Propos introductif
p. 7-9
Texte intégral
1Ce volume regroupe des communications présentées lors des deux premières journées d’études organisées par le Centre d’histoire et de recherche sur la Résistance (CH2R) à Besançon en juin 2009 (« Histoire de la Résistance en France : questionnements, prospective et perspectives ») et à Paris en mars 2010 (« L’écriture de l’histoire de la Résistance : usages, traitements et interprétations des sources »).

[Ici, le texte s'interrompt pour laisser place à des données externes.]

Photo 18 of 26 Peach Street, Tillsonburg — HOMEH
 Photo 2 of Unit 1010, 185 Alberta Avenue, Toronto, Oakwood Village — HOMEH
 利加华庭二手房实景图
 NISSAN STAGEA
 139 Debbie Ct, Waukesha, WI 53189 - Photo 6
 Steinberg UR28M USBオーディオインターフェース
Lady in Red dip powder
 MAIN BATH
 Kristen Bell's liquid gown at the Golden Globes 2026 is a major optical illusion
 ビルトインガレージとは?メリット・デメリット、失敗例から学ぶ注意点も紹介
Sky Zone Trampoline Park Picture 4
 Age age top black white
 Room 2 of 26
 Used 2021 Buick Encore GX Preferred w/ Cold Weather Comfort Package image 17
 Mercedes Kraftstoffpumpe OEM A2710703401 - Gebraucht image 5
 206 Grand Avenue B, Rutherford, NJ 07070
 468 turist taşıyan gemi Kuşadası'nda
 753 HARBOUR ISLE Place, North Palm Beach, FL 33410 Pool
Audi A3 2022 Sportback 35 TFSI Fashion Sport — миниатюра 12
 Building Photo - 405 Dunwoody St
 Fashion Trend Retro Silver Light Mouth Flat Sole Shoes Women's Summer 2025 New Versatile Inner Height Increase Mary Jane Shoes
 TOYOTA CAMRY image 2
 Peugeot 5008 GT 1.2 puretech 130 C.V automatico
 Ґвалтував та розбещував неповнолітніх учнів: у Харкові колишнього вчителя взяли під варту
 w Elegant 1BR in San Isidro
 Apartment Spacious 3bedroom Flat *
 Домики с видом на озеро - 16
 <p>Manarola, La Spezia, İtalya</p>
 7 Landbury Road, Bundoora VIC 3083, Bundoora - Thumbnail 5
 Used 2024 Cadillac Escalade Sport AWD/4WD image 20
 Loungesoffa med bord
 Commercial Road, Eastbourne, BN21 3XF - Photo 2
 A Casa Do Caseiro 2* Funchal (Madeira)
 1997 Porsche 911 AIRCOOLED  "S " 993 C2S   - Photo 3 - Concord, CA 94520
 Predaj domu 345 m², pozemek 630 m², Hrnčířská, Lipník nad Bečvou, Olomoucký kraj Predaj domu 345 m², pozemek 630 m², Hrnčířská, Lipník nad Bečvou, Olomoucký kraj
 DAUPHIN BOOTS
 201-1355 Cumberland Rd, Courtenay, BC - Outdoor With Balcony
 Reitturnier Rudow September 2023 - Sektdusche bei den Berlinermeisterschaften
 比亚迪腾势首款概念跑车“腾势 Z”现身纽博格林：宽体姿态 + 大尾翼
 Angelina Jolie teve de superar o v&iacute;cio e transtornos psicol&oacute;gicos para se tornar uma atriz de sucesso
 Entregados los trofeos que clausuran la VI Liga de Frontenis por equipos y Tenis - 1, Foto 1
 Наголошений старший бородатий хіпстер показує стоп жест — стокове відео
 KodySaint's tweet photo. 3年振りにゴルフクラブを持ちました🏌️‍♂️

2Ces rencontres avaient pour objet de réfléchir à partir de cas pratiques aux problèmes épistémologiques et méthodologiques posés par l’écriture de l’histoire de la Résistance : Comment un objet de recherche se construit-il et se saisit-il ? Que faire lorsque la définition de ses contours se dérobe au fur et à mesure que l’enquête avance ? Comment composer avec l’abondance, l’absence ou le caractère parfois éminemment biaisé des sources ? Tels étaient schématiquement énoncés les questionnements principaux. Ces journées d’études réunissaient de jeunes chercheurs auxquels il était demandé de décrire leurs expériences, de réfléchir aux obstacles auxquels ils s’étaient heurtés et aux solutions qu’ils avaient mises en œuvre pour tenter de les surmonter ou de les contourner.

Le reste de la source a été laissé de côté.